---------- Input data ----------

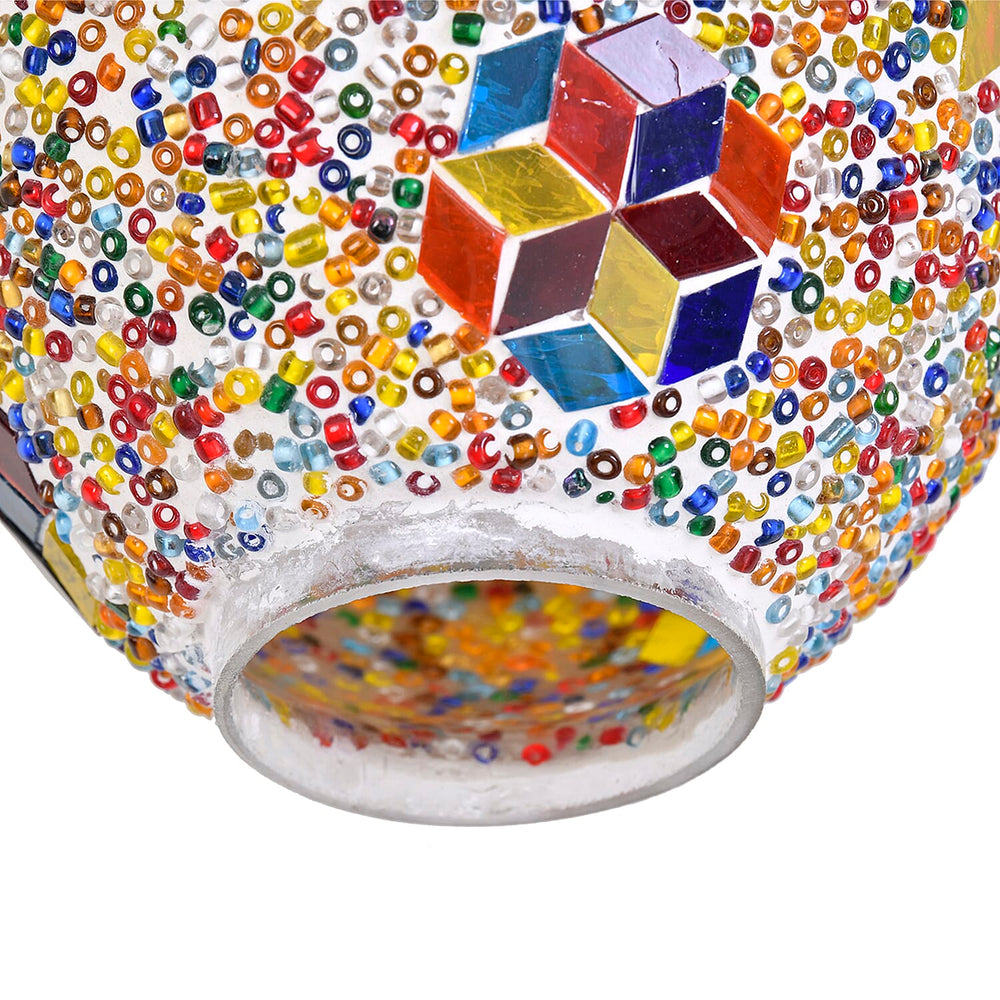 Handmade Egg Shaped Turkish Mosaic Table Lamp - Multi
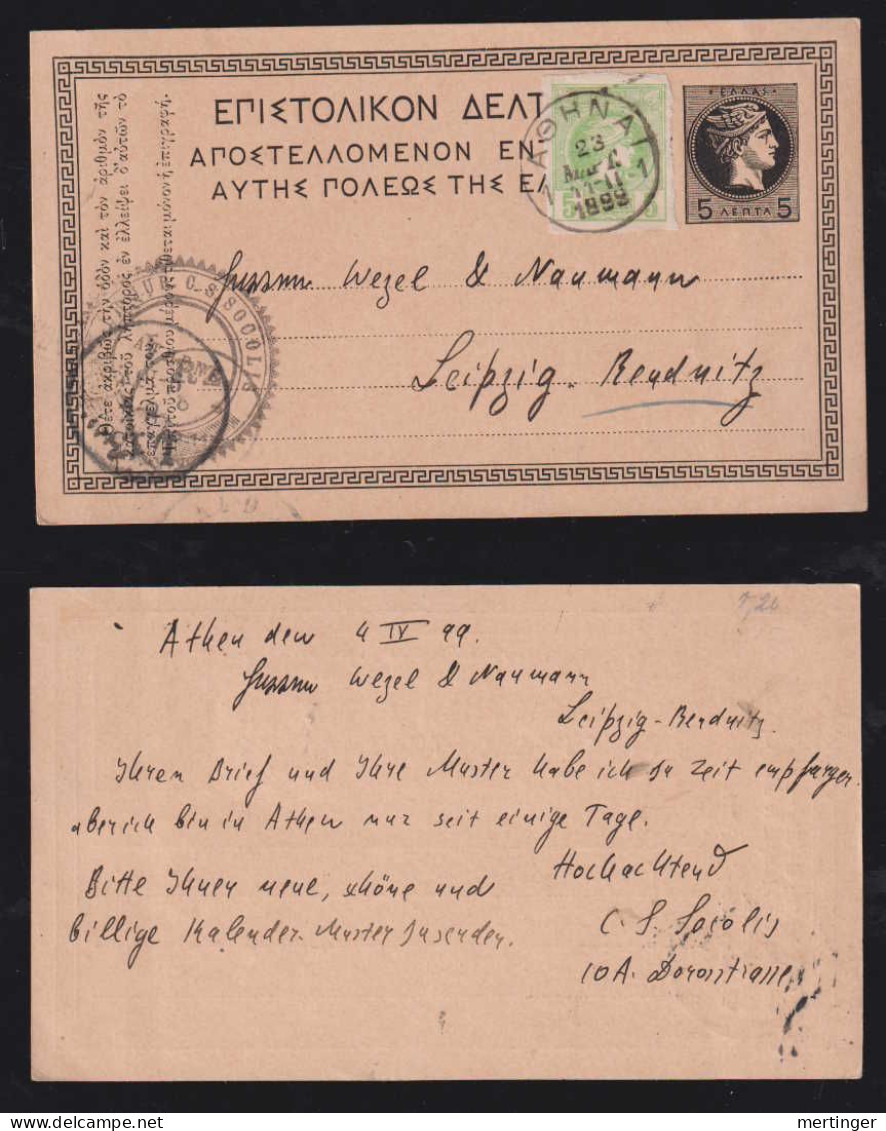 Greece 1899 Uprated Stationery Postcard ATHENS X LEIPZIG Germany - Covers & Documents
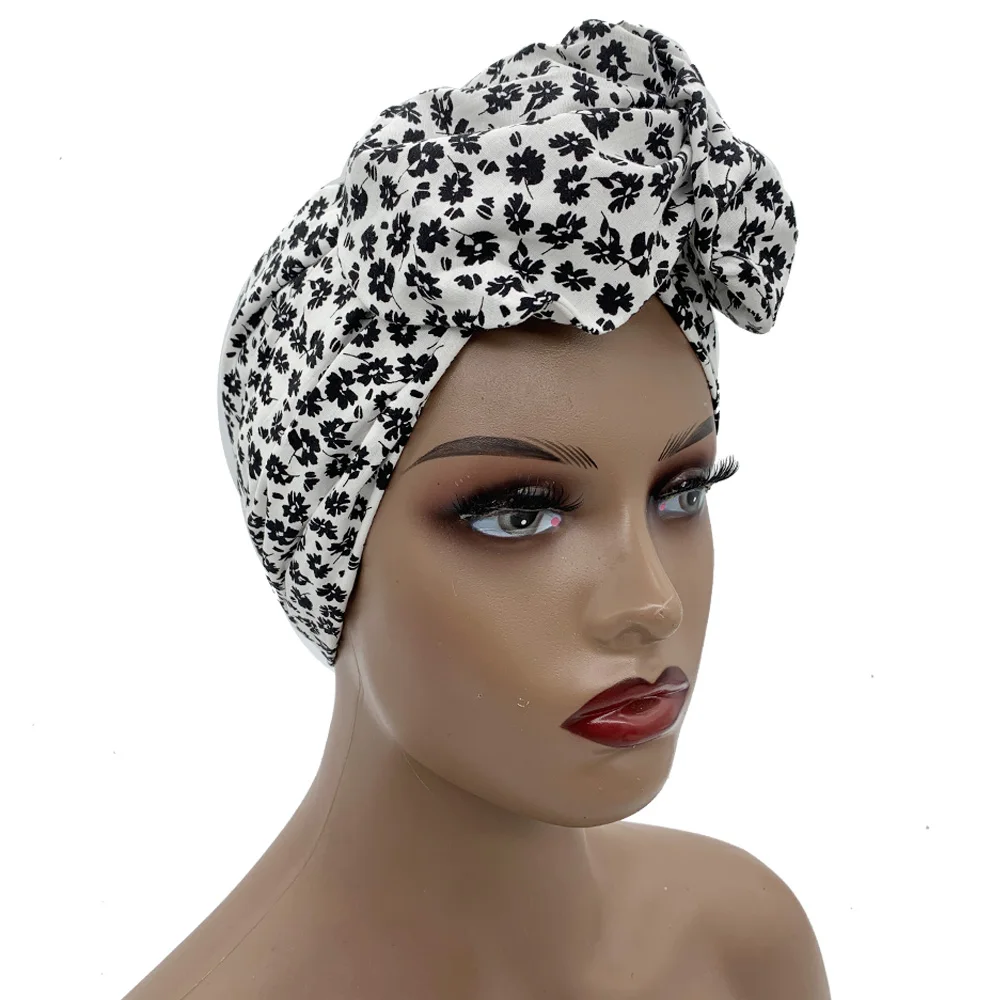 2023 Leopard Printed Women's Turban Cap Cotton Lady Twisted Head Wraps French Retro Female Bonnet Hat Female Hair Cover Beanies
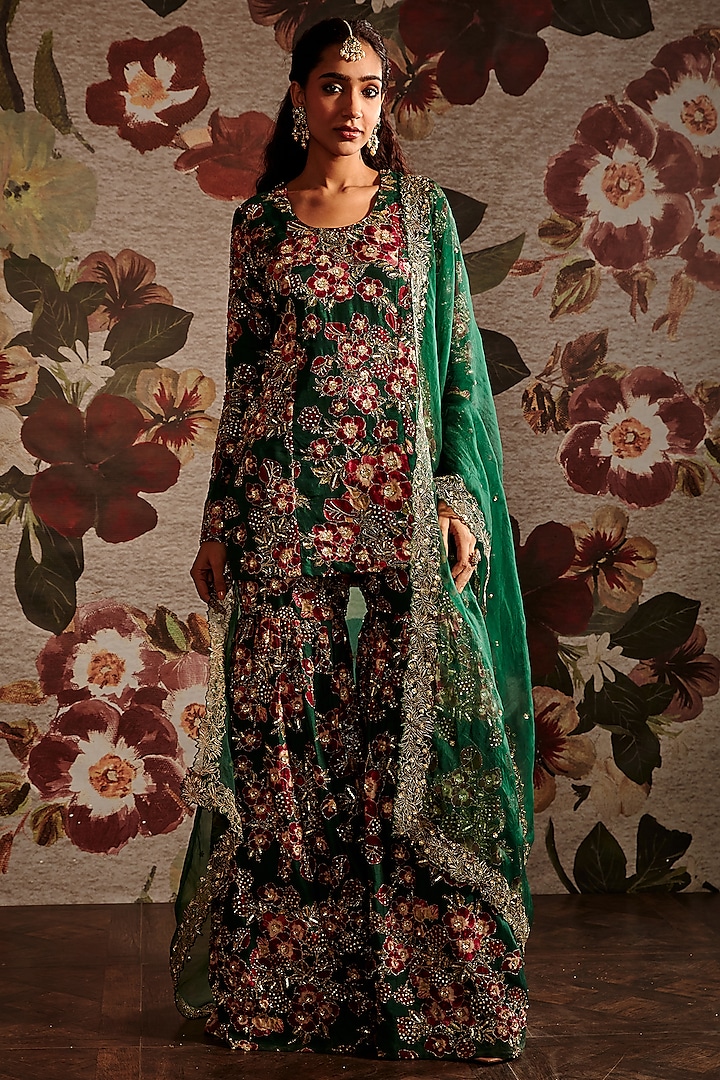 Green Embroidered Gharara Set Design by Prints By Radhika at Pernia's
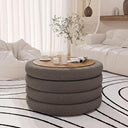 Round Sherpa Storage Ottoman Coffee Table
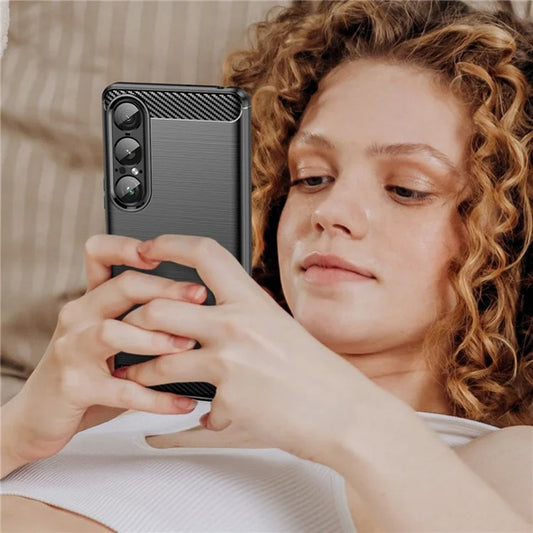 Hoes voor Sony Xperia 1 VII, Techsuit, Carbon, Zwart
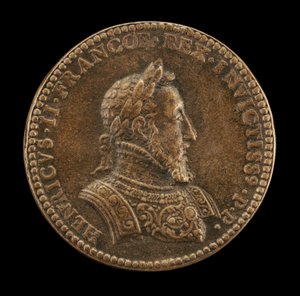 Henrik 2., 1519-1559, konge af Frankrig 1547 [forside] af Etienne Delaune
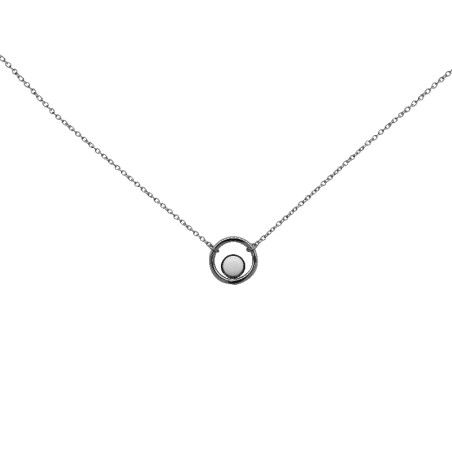 Collier en acier argenté et son agate Amporelle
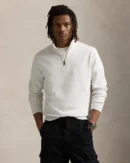 Double knit quarter zip sweater - Soho Chiné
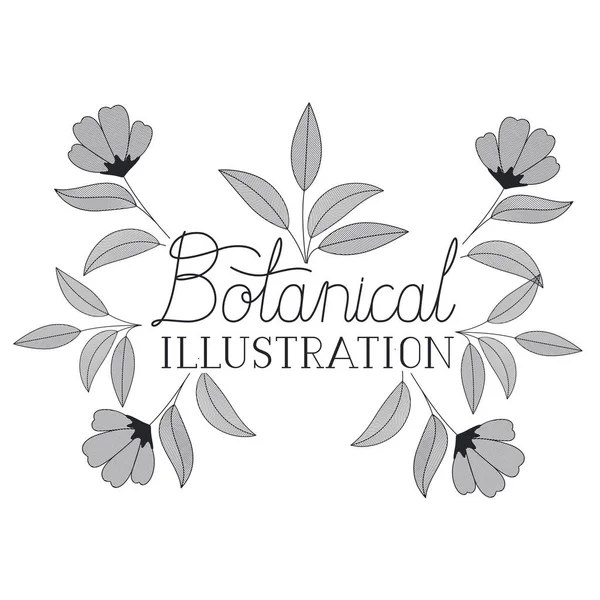 Etiqueta de ilustración botánica con plantas — Vector de stock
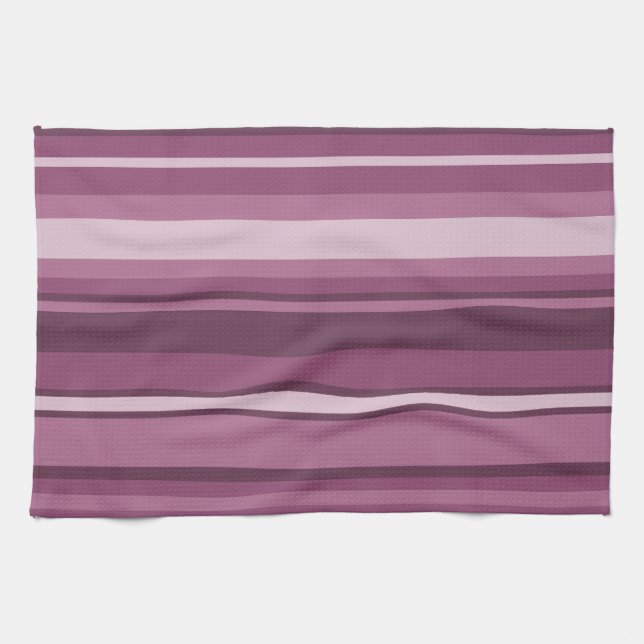 Mauve stripes kitchen towel (Horizontal)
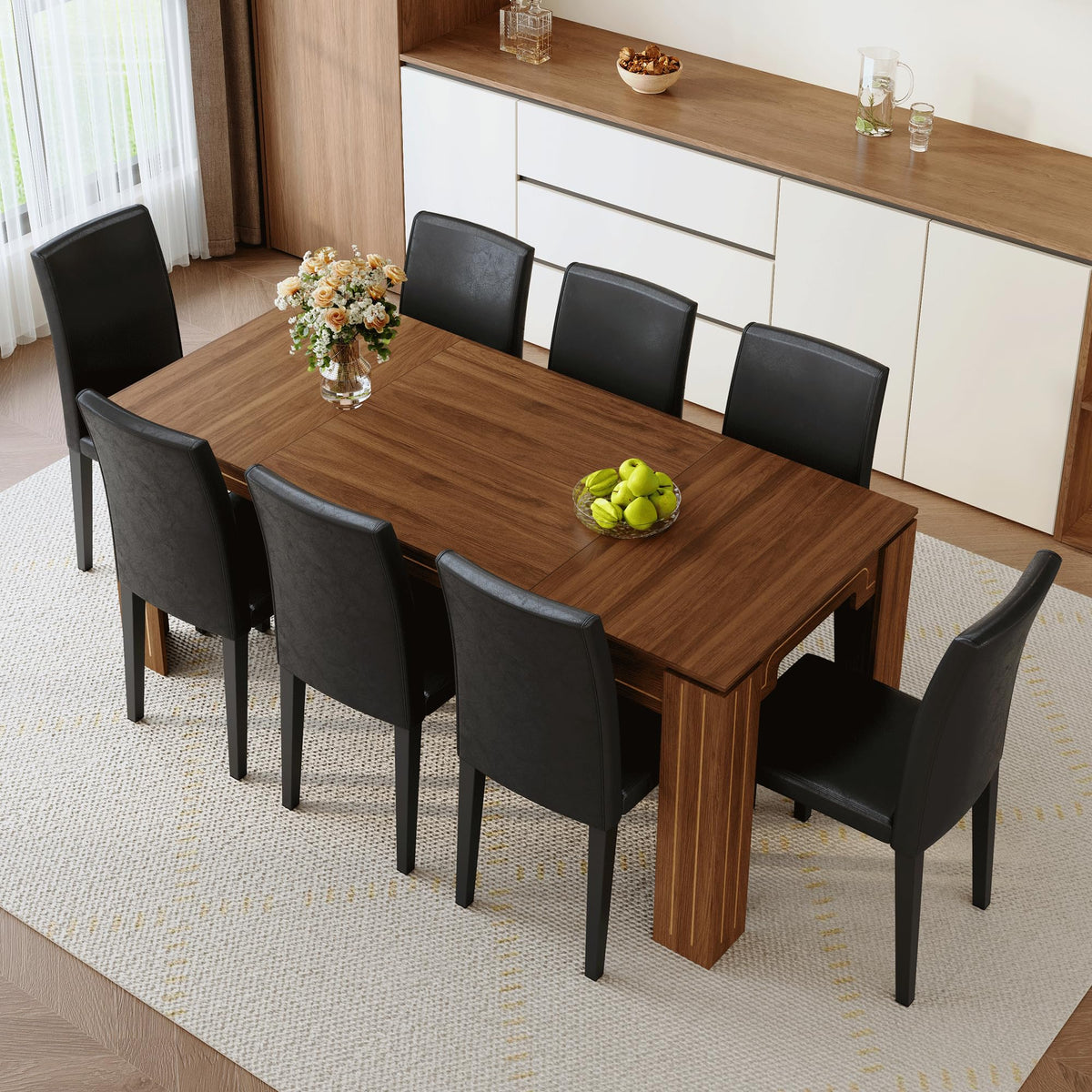 9 Piece Dining Table Set with 8 Pu Leather Chairs P212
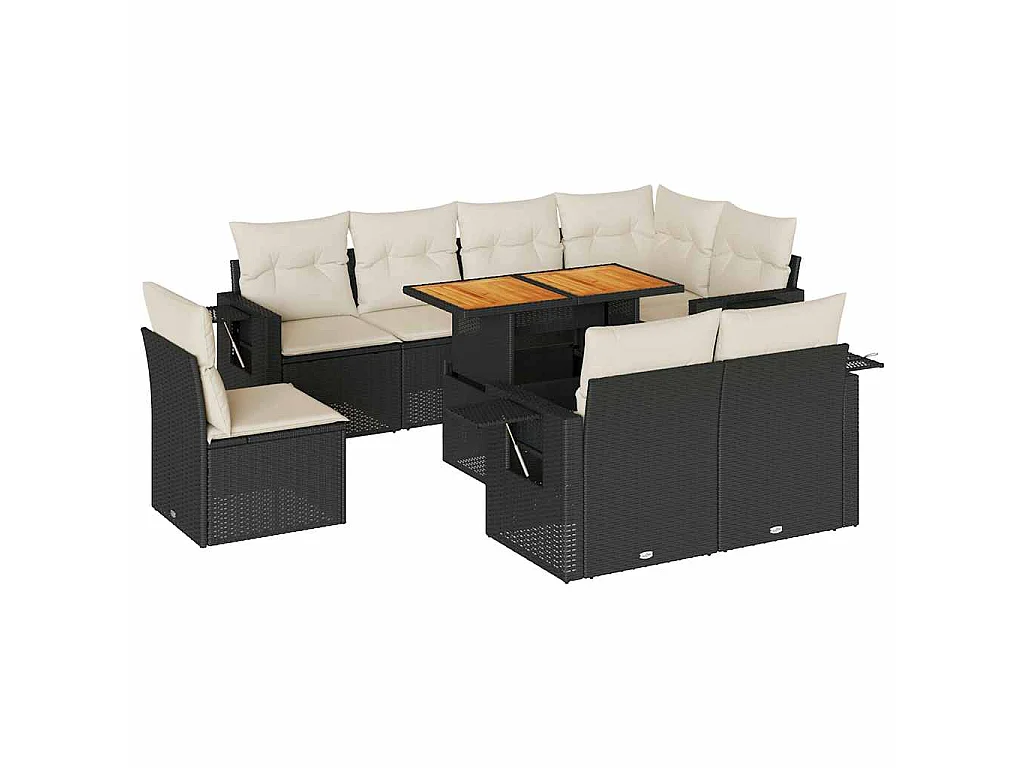 9-delige Loungeset met kussens poly rattan zwart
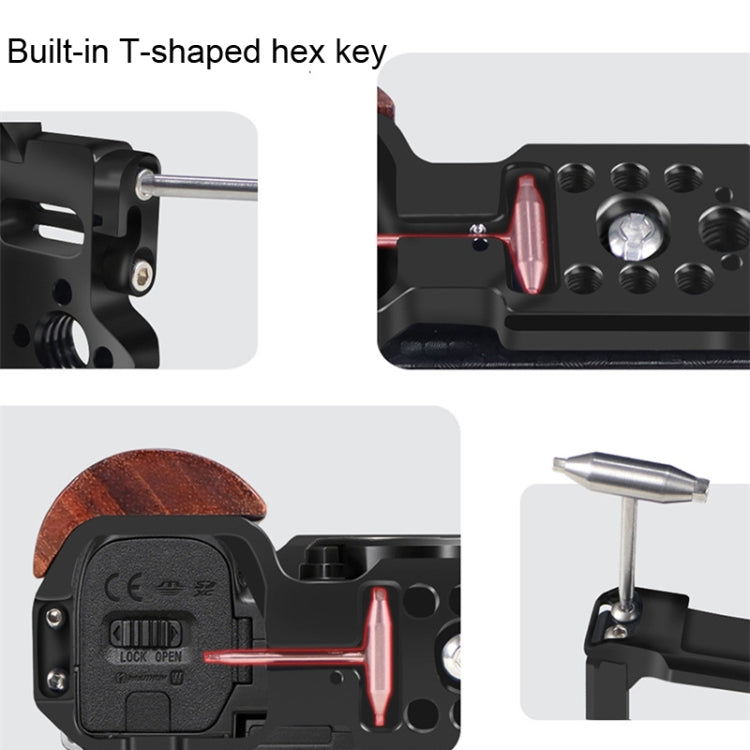 Alloy Rabbit Cage With Wooden Handle for Sony ZV-E10 Camera(Black) - Camera Cage by PMC TechLife | Online Shopping South Africa | PMC TechLife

----------

To do:
Your task is to repeat the opening line of the entries above and each line after it, ending with the line that has "Etiqueta de ilustración". Do not include the pictures.

Response to this exercise:
 Handmade Egg Shaped Turkish Mosaic Table Lamp - Multi
 Greece 1899 Uprated Stationery Postcard ATHENS X LEIPZIG Germany - Covers & Documents
 2023 Leopard Printed Women's Turban Cap Cotton Lady Twisted Head Wraps French Retro Female Bonnet Hat Female Hair Cover Beanies
 Green Embroidered Gharara Set Design by Prints By Radhika at Pernia's
 Round Sherpa Storage Ottoman Coffee Table
 Hoes voor Sony Xperia 1 VII, Techsuit, Carbon, Zwart
 Henrik 2., 1519-1559, konge af Frankrig 1547 [forside] af Etienne Delaune
 Collier en acier argenté et son agate Amporelle
 Double knit quarter zip sweater - Soho Chiné
 Etiqueta de ilustración botánica con plantas — Vector de stock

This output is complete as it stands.